Was wirklich geschah: Ein Finanzanalyst kündigt seinen Wall-Street-Job, geht in der Internet-Blase fast pleite, entdeckt eine Goldgrube und wird zum Internet-Titan.

Jeff Bezos analysiert im Auftrag seines Arbeitgebers Geschäftschancen im noch jungen Internet. Er kommt zum Schluss, dass das World Wide Web zum Massenmedium werden und den Handel umkrempeln wird. Er kündigt seinen gut bezahlten Job bei einem Hedgefonds, zieht mit seiner Frau von New York nach Seattle und zieht dort im Juli 1994 aus einer Garage heraus einen Online-Buchhandel hoch. Der Gründungsname „Cadabra“ soll Magie verströmen. Doch bei Telefonkonferenzen mit Investoren verstehen einige „Kadaver“. Bezos ändert ihn in Amazon, auch weil der Name vorn im Alphabet steht. Nach dem Platzen der Internet-Blase geht ihm fast das Geld aus. Er wird als Trickser von ehemaligen Kollegen verleumdet. Um seine Rechenzentren besser auszulasten, nutzt er sie nicht nur selbst, sondern bietet sie auch anderen an. Mit dem Vermieten von Speicherplatz und Rechenpower erschließt er eine Goldader. Die sprudelnden Gewinne subventionieren den Warenversand. Konkurrenten wie Walmart reagieren spät. Sie haben auch keine magische Geldquelle wie Amazon. Das macht das Unternehmen schließlich nicht nur zur Cloud-Computing-Größe, sondern auch zum Online-Handelsgiganten – und Bezos zum derzeit reichsten Mann der Welt.
Ebay
Die Story: Ein Silicon-Valley-Programmierer baut den größten Flohmarkt der Erde als Liebesbeweis.
Was wirklich geschah: Ein kaputter Laserpointer findet dank Internet einen dankbaren Käufer. Sein Vertrauensbeweis fördert den Aufbau einer Internet-Ikone.

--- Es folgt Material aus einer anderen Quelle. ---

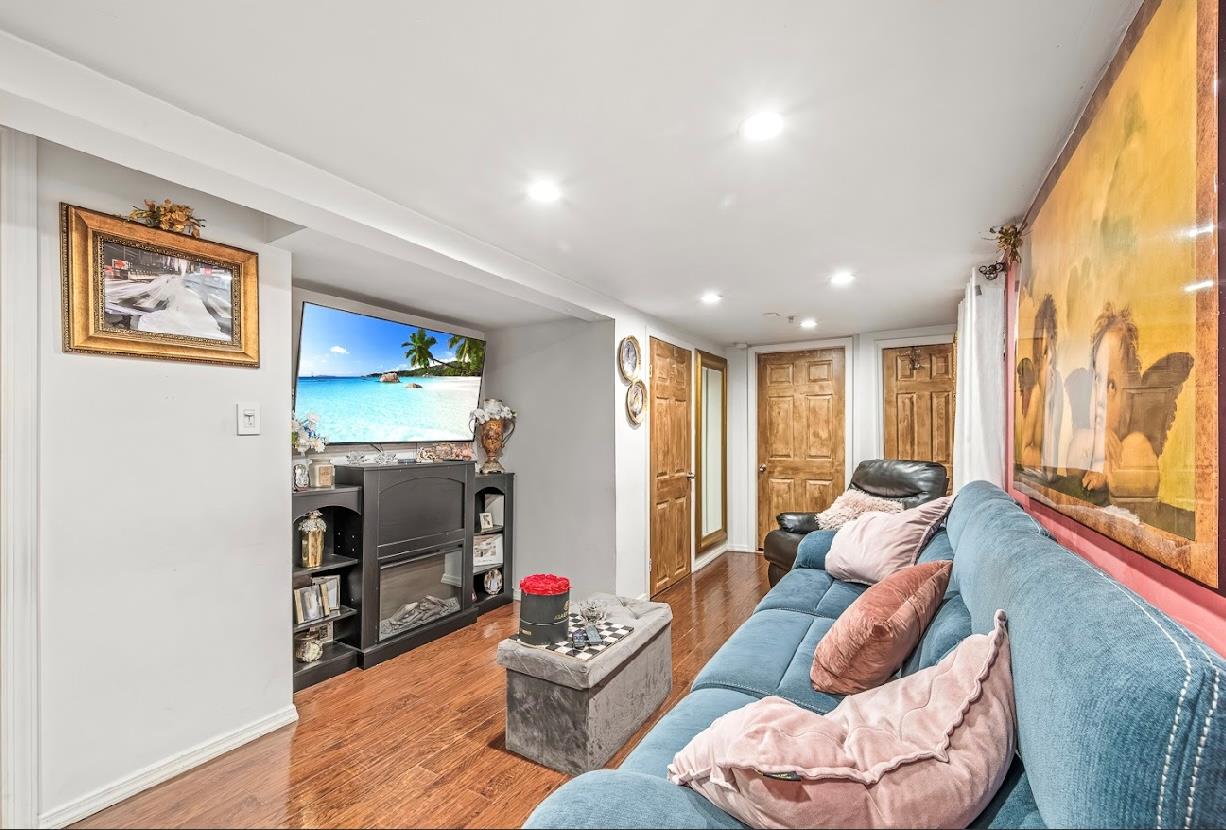 #13 photo, 2144 73rd Street, クイーンズ区 Astoria , NY 11370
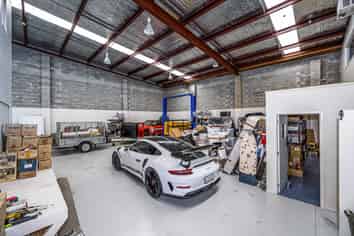 Vacant possession 392sqm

Der Entwickler Pierre Omidyar startet am 4. September 1995 eine Webseite namens Auction Web, auf der jedermann Gegenstände via Internet versteigern und sich schließlich Käufer und Verkäufer gegenseitig bewerten können. Seine damalige Verlobte sammelt Pez-Süßigkeitenspender. Ihr Liebster will ihr so den größten Flohmarkt der Welt öffnen. Aus dem Liebesbeweis entsteht Ebay. So wird es zumindest der Öffentlichkeit verkauft. Doch die tolle Story hat ein findiger Marketingexperte ersonnen, wie das Unternehmen später eingesteht. Dabei ist die eigentliche Story, dass der erste verkaufte Gegenstand ausgerechnet Omidyars kaputter Laserpointer ist, der immerhin knapp 15 Dollar erzielt, viel besser. Der Verkauf überrascht den Gründer – und spornt ihn an.
Die Flunkerei hindert Ebay nicht daran, zur Weltmarke aufzusteigen. Später unterliegt das Unternehmen im Gerangel mit Amazon im Online-Handel aber, weil es sich weigert, gegen die eigenen Händler zu konkurrieren. An der Börse ist Ebay heute 29 Milliarden Dollar wert, ein Bruchteil von Amazon.